In July 2023 alone, 67,769 Gazans were allowed to exit Gaza through Israeli crossings according to the United Nations. In the entire year of 2023, only 50,098 Jews were allowed onto the Temple Mount — Judaism’s holiest site — in Jerusalem, the capital of the Jewish state according to Beyadenu a Jewish rights advocacy group.
One month versus one year.
A border crossing versus a holy site in a nation’s capital.
The comparison is damning.
The Jewish state allowed more Gazans to cross its border in one month before the Gaza leadership launched a war, than it allowed Jews to step foot on their holiest site over an entire year.

That is not security policy. That is civilizational self-sabotage.
Every country controls its borders. That is normal. What is not normal is a nation blocking its own people from their central religious site in their own capital city.
Jews face time windows, group limits, police escorts, and de-facto prayer bans to walk on ground their ancestors sanctified 3,000 years ago. The result is obvious: Jewish presence is suppressed by design.
Fifty thousand Jews in a year is not demand.
It is managed scarcity.

The Western Wall Plaza is sold as Jewish religious freedom. It isn’t. It is a containment zone — a consolation prize engineered to keep Jews away from the mountain that actually matters.
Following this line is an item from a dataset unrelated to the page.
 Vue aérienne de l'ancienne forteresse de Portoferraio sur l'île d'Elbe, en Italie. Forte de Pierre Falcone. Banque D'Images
This is why the Gaza comparison cuts so deep.
Israeli policy makers allowed in more Gazans into Israel, during a blockade, knowing that the area is led by an antisemitic genocidal jihadist group sworn to destroy the Jewish State, than for Jews just seeking a basic human right of prayer.
A sovereign nation that polices Jewish prayer more aggressively than cross-border traffic has lost the plot. A capital that cages its own sacred history is not free.
Until Jews can walk onto the Temple Mount without escorts, quotas, and humiliation, the Kotel Plaza remains exactly what it is: an open-air prison with good lighting and a propaganda budget.